Im zweiten Blogpost zum
Thema „Lobpreiskultur - für wen machen wir das eigentlich?“ haben wir gesehen, dass unsere Motive,
unsere Beweggründe für den Lobpreis wichtig sind. Lobpreis zu
leiten ist eine pastorale Aufgabe, und das sollte stets so geschehen,
dass niemand vom Lobpreis ausgeschlossen wird – weder bewusst noch
unbewusst. Hier hat die Auswahl der Lieder eine wichtige Funktion.
Von allen
Lobpreisliedern, die schon geschrieben wurden, sind etwa 2% so gut,
dass sie ein Jahrhundert oder noch länger überdauern können. Viele andere
stehen später zwar immer noch in den Liederbüchern, aber weil sie
niemand mehr kennt, gehen sie dennoch unter. Wir haben heute das
große Vorrecht, auf den Liedschatz der besten 2% der Lieder aus 2000
Jahren Kirchengeschichte zurückgreifen zu können – und zugleich
die Verantwortung, die Lieder unserer Zeit zu prüfen und die besten
2% zu finden. Wir müssen nicht auf jeden neuen Zug aufspringen.

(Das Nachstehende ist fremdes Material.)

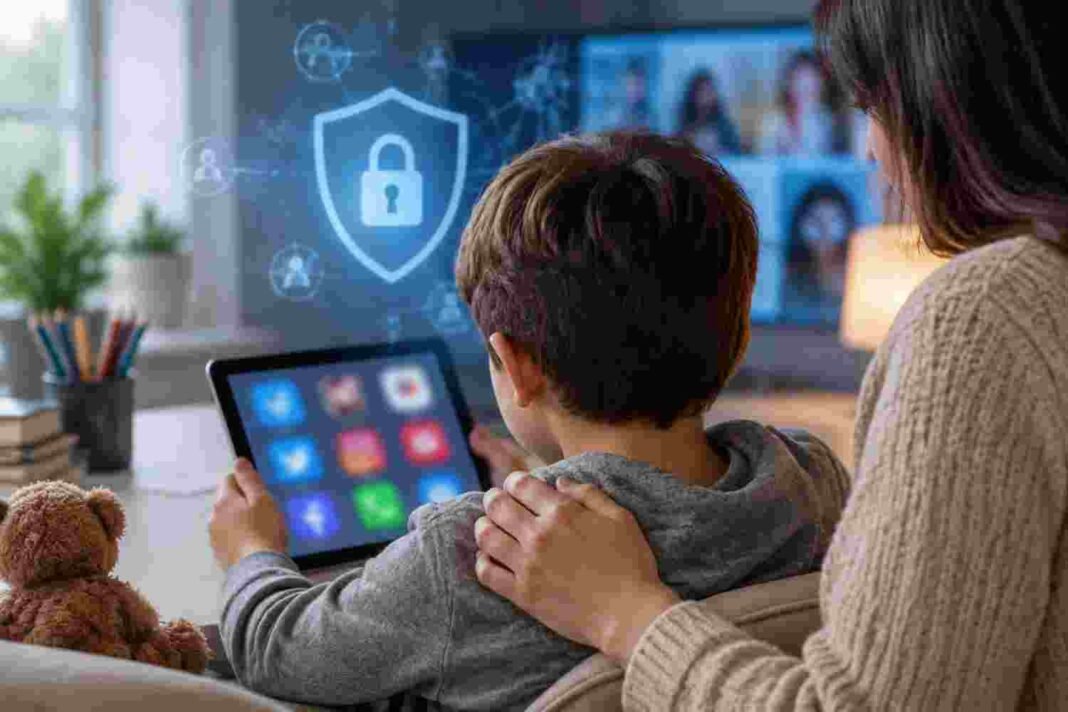 Social Media Ban Proposed for Children Under 13 Child using a tablet with parental guidance in a digital safety environment.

Weniger ist hier oft mehr, denn jedes neue Lied, das gelernt werden
muss, bedeutet für die Gemeinde wieder eine neue Aufgabe, die es zu
bewältigen gibt. Dies ist keinesfalls ein Aufruf, auf neue Lieder zu
verzichten, aber zumindest die Bitte, sich zum Wohl der Gemeinde bei
jedem neuen Lied, das eingeführt werden soll, noch ein zweites und
drittes Mal zu fragen, ob das Lied tatsächlich der ganzen Gemeinde
dient und folgende drei Kriterien erfüllt.
1. Lieder mit
Botschaft und Tiefgang
Das erste und vermutlich
wichtigste Kriterium ist inhaltlicher Art. Es geht um die Theologie,
die hinter einem Text steht. Hat das Lied eine Botschaft? Erzählt es
von der Gnade, von der Größe, Herrlichkeit, Heiligkeit,
Gerechtigkeit und Liebe Gottes? Von der Ewiggültigkeit und absoluten
Zuverlässigkeit der Bibel? Von der Schöpfung und Erlösung? Von der
Reinigung und Heiligung von der Sünde durch den Heiligen Geist? Von
der Sündhaftigkeit des Menschen? Von der Wiederkunft Jesu Christi
als Richter aller Lebenden und Toten? Vom Leben und Auftrag der
Kinder Gottes? Von der Schönheit der Gemeinde?
Nicht jedes dieser Themen
muss in jedem Lied vorkommen, aber es geht im Lobpreis nicht darum,
Jesus als Kumpel von nebenan zu begrüßen und ein wenig auf schöne
Family zu machen. Auch sind Zweizeiler, die 50 Mal wiederholt werden
müssen, um von der Länge her als Lied wahrgenommen zu werden, nicht
gerade besonders tiefgründig.
2. Lieder mit
verständlichen, korrekten Texten
Jeder sollte verstehen
können, was er singt. Das ist zunächst eine Frage der Sprache eines
Liedes. Versteht jede und jeder in der Gemeinde die englische Sprache
so gut, dass man ganze Lieder in jener Sprache singen kann? Da kann
die Situation in einem Jugendgottesdienst schon ganz anders sein. Bei
übersetzten Liedern gibt es wieder etwas zu bedenken: Stimmt denn
der deutsche Text inhaltlich überhaupt noch mit dem englischen
Original überein? Da wäre zum Beispiel das absolut schöne
englische Lied „In Christ Alone“ von Keith Getty und Stuart
Townend.
In der deutschen Version ist ein neues Lied entstanden, das außer
der Melodie kaum noch etwas mit dem englischen Original gemeinsam
hat. Hier wäre allerdings auch nötig, dass die deutsche
Lobpreisszene wachsen kann. Und nicht zuletzt ist auch die
Rechtschreibung eine häufig vernachlässigte Kunst. Doch wird in der
Gemeinde durch falsche Ordokravieh – äh, pardon, natürlich
Orthographie, wem ist es denn aufgefallen? – auch nur eine Person
vom Singen abgehalten, so sind wir wieder unserer Aufgabe, jedem das
Mitmachen zu ermöglichen, nicht gerecht geworden.
3. Lieder mit klarer,
singbarer Melodie und Tonlage
Was der Gemeinde ebenso
beim Mitsingen hilft, ist eine klare, deutliche und singbare Melodie.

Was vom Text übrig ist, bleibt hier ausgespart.